Tracking these plumes using satellite and time-lapse images, the scientists found when the plumes were visible on the surface that large icebergs stopped breaking away, or calving, from the glacier near the plumes.
“We’d see a lot of calving happening, and then it would stop when the plume was visible and start again after the plume disappeared,” Melton said. “And when calving did occur, it happened away from the plume. They were always separated by space and time.”
Calving at Helheim involves large chunks of ice breaking off from behind the cliff at the front of the glacier, which is up to 300-feet tall in some locations. Helheim once ended in a floating extension called an ice shelf or ice tongue, like larger Antarctic glaciers, but that ice has already broken off and melted, exposing the cliff. Calving accounts for about half of the ice loss from the Greenland Ice Sheet and is a significant contributor to sea level rise, the scientists said.
“Sierra’s work, including this paper, is an important contribution to the larger effort to understand how iceberg calving really works and what controls its speed, so we can do a better job of projecting what will happen in Greenland, as well as Antarctica, and what that will mean for sea-level rise and costal people,” said Richard Alley, Evan Pugh University Professor of Geosciences at Penn State, Melton’s adviser and a co-author on the paper.

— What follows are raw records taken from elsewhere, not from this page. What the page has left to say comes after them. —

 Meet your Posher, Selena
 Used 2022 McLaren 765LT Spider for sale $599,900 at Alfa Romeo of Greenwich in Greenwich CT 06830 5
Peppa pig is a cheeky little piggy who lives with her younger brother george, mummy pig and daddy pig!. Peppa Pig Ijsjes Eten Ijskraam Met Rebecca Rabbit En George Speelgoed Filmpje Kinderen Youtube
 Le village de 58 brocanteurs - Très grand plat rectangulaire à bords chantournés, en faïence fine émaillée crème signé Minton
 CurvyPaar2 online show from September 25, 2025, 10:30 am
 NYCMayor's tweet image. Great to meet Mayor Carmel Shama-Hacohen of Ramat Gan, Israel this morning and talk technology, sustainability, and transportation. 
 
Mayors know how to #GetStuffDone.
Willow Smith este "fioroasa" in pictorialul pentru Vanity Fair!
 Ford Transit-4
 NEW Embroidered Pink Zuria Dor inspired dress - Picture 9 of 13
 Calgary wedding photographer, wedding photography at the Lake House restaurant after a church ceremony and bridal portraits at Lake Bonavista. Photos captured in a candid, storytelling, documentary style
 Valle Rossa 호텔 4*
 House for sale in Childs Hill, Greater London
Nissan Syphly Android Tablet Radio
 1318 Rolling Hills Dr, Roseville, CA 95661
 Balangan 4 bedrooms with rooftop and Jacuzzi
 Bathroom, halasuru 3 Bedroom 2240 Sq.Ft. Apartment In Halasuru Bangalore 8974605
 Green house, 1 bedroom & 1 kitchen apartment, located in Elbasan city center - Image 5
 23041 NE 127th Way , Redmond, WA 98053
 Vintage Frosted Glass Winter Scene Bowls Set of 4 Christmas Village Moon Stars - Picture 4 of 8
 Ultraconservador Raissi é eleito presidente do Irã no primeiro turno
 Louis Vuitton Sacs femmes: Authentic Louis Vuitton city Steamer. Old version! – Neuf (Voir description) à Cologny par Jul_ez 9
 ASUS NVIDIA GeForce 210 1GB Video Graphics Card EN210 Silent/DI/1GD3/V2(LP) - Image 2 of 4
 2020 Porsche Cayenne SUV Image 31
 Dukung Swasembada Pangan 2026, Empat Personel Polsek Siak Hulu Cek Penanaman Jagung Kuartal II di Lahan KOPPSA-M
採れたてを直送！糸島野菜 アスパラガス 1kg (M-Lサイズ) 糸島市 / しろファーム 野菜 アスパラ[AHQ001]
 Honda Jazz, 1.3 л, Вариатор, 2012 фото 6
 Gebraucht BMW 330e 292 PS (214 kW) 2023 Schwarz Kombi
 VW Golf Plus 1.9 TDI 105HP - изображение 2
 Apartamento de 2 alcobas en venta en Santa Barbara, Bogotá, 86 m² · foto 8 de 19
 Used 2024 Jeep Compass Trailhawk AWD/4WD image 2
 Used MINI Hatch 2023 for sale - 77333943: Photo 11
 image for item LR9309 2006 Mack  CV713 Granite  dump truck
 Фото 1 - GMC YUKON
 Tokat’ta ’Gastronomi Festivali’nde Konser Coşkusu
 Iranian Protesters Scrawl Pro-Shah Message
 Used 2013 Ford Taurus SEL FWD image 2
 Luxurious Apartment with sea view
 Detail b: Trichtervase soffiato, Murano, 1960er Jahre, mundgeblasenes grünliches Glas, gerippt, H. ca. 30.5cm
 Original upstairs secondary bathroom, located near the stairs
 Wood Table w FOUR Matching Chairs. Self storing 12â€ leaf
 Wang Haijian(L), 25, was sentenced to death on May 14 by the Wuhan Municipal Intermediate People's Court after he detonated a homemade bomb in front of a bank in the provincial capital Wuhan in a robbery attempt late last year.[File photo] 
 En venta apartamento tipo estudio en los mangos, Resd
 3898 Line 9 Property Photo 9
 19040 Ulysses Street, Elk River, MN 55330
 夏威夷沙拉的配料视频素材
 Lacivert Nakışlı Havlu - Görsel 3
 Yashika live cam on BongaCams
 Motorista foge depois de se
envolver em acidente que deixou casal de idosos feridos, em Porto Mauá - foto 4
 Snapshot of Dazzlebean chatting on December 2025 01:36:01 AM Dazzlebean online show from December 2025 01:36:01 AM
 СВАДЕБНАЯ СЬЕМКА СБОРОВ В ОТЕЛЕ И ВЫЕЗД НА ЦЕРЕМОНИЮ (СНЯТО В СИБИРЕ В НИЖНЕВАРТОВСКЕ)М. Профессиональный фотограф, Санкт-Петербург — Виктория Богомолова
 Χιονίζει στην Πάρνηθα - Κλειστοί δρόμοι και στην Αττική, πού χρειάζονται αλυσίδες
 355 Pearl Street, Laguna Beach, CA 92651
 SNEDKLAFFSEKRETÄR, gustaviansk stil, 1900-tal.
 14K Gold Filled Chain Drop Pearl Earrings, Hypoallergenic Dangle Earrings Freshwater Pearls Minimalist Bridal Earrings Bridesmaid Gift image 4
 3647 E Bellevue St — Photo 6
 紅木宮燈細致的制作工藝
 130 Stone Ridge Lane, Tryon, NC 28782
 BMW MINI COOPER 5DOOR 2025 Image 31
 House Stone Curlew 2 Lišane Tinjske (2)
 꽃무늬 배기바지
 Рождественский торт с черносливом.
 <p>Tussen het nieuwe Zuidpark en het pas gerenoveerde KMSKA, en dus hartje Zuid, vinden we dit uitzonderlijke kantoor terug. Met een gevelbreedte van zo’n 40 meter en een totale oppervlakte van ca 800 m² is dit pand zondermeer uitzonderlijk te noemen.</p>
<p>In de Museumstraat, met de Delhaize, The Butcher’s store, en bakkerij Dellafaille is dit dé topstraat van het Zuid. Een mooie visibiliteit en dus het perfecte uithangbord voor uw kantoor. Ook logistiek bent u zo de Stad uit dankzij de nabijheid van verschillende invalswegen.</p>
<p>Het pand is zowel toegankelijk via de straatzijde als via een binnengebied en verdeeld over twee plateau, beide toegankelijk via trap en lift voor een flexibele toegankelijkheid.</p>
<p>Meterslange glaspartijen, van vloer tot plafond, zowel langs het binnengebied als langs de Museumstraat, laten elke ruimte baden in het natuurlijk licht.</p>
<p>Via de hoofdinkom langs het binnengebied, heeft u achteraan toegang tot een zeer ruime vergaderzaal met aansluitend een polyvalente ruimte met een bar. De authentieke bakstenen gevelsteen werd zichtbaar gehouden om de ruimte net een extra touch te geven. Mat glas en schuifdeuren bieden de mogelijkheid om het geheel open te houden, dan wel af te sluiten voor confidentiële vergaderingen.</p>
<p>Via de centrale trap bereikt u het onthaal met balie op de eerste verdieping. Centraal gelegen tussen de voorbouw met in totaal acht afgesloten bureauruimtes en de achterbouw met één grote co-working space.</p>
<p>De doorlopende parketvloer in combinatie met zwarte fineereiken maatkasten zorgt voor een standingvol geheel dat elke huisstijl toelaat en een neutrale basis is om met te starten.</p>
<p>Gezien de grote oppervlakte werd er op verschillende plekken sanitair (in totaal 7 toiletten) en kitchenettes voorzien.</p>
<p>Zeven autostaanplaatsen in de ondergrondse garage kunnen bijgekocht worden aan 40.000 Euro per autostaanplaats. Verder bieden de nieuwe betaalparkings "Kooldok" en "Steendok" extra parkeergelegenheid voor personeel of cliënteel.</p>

While the relationship between the plumes and calving was previously observed at Helheim, making direct observations is difficult because of impassable terrane on the glacier and ice in the sea. The scientists conducted a more comprehensive study using high-resolution satellite images and thousands of time-lapse photos from cameras stationed around the glacier from 2011 to 2019.
The findings, reported in the Journal of Glaciology, suggest that changes in hydrology and pressure beneath the glacier are responsible for the relationship between meltwater discharge and calving.
During melt season, water begins pooling in crevasses and forms lakes on the glacier surface. Some meltwater drains to the glacier bed, where it begins to fill up cavities and form a network between them, the scientists said.
“The way a subglacial drainage system evolves is if there’s not very much water under the glacier, then there is low water pressure,” Melton said. “As the water increases under the glacier, the pressure starts to increase with it.”
As more water flows to the bottom and the water pressure rises, the speed of the glacier’s march toward the sea increases and cracks can form in the ice, making it more vulnerable for calving, the scientists said.
But eventually under this pressure, and if enough water is present at the glacier bed, the water can carve channels in the bottom of the ice that direct meltwater into the sea, acting as a kind of relief valve that reduces the water pressure under the glacier ice, the scientists said. These channels can release enough fresh water for plumes to be visible at the surface of the sea.
“We think this lower pressure configuration inhibits the large calving because the fractures in the bottom of the ice can’t form,” Melton said. “So basically, the system that supports the plume existence should suppress the calving.”
Also contributing from Penn State were Sridhar Anandakrishnan, professor of geosciences and Melton’s co-adviser, and Byron Parizek, professor of mathematics and geosciences.
Leigh Stearns, associate professor and Michael Shahin, doctoral candidate, at the University of Kansas, and Adam LeWinter, physical scientist, and David Finnegan, director of remote sensing, at the Cold Regions Research and Engineering Laboratory, also contributed.
The National Science Foundation, U.K. Natural Environment Research Council and Heising-Simons Foundation supported this research.